Aloe as a chemotherapy adjunct
Cancer will cause an estimated 585,720 deaths in 2014, and 1,665,540 new cases will be diagnosed this year.1 In addition to standard therapies, many patients with cancer use complementary therapies such as glutamine, fish oil, green tea, milk thistle, and curcumin. Aloe has also been evaluated for a potential adjunctive role in cancer therapy.
The genus Aloe, containing more than 400 plants, is used topically to treat sunburns and to accelerate wound healing. Oral aloe is used for osteoarthritis and ulcerative colitis as well as for cancer. In addition to antiproliferative and antioxidant effects, aloe may possess immunostimulatory activity due to acemannan, a mucopolysaccharide that stimulates macrophage activity.
An in vivo study showed that macrophages treated with acemannan resulted in an induction of interleukin-6 and tumor necrosis factor–alpha. The antiproliferative effects have been attributed to aloe-emodin, aloesin, and aloin, compounds that have been shown in vitro and in vivo to induce apoptosis in multiple cell lines.
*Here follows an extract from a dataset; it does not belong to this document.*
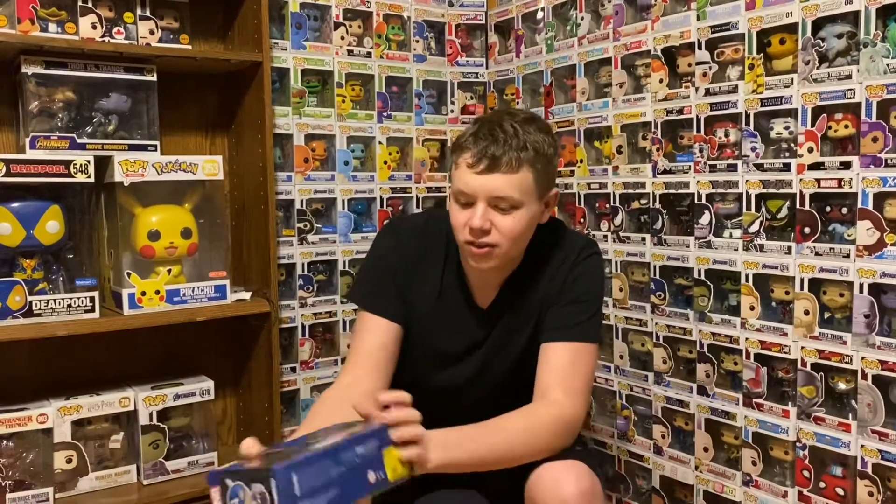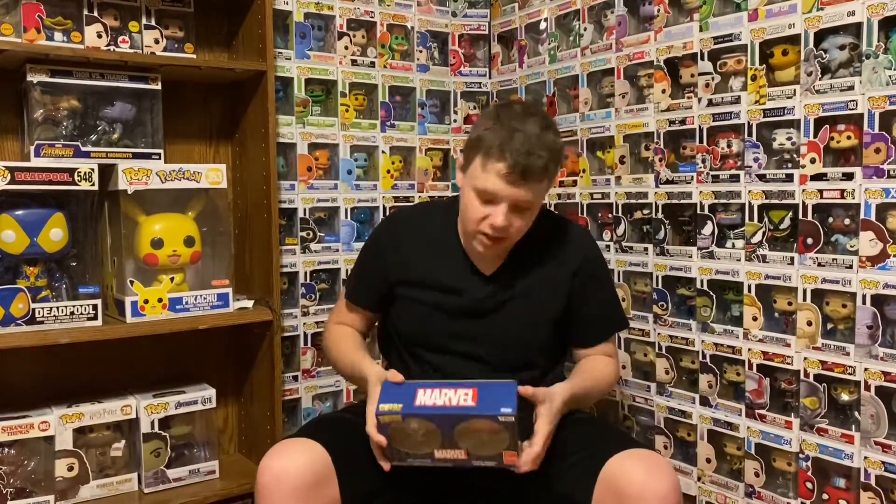I got this on sale at GameStop for five bucks. I wouldn't normally get this, but let's open it — we can just do a time lapse.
Polyphenols and other reactive oxygen species scavengers are responsible for aloe’s antioxidant effects.2
A 1998 study of 35 patients with metastatic cancer taking melatonin concomitantly with aloe showed that aloe may slow the growth of tumors.3 Lack of a control, small study population, and addition of melatonin limited the generalizability of the study, thus providing only preliminary evidence for aloe’s efficacy.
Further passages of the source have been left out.